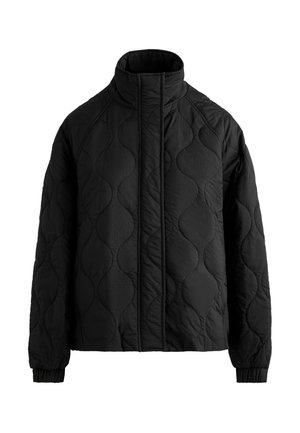 Fekete steppelt dzseki magas gallérral, hosszú ujjakkal, központi cipzárral, amelyet anyagfedél takar, és elasztikus mandzsettákkal.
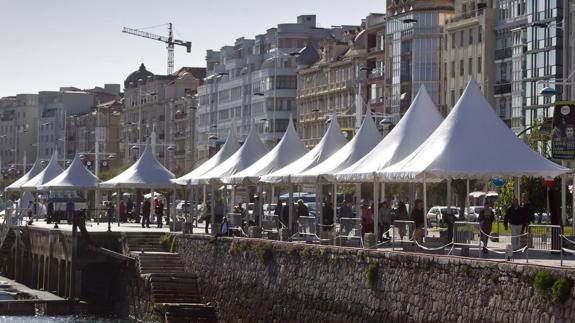 Carpas instaladas en el muelle de Castelar con motivo de la Copa del Mundo de Vela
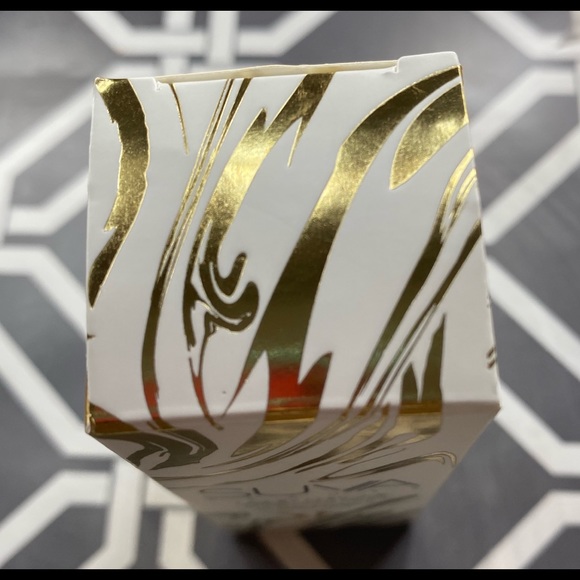 Suva Beauty liquid chrome illuminating drops - Picture 5 of 7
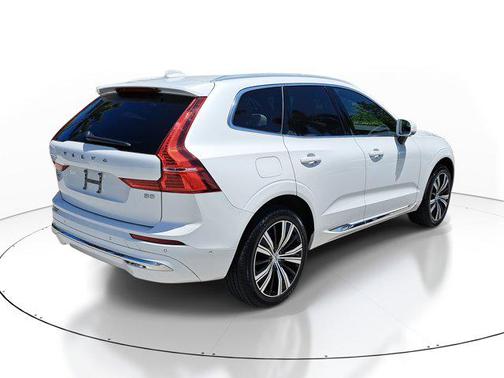 2023 Volvo XC60 B5 Ultimate Bright Theme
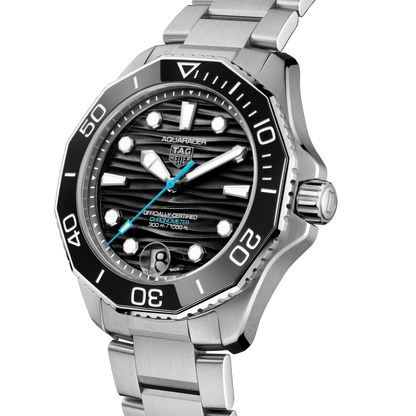 T. H. Aquaracer Professional 300 Date Black 42mm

### Problem description
All of the material above goes into the copy exactly as is; the pictures do not.

### Answer box
 Fekete steppelt dzseki magas gallérral, hosszú ujjakkal, központi cipzárral, amelyet anyagfedél takar, és elasztikus mandzsettákkal.
 Carpas instaladas en el muelle de Castelar con motivo de la Copa del Mundo de Vela
 Suva Beauty liquid chrome illuminating drops - Picture 5 of 7
 2023 Volvo XC60 B5 Ultimate Bright Theme
 T. H. Aquaracer Professional 300 Date Black 42mm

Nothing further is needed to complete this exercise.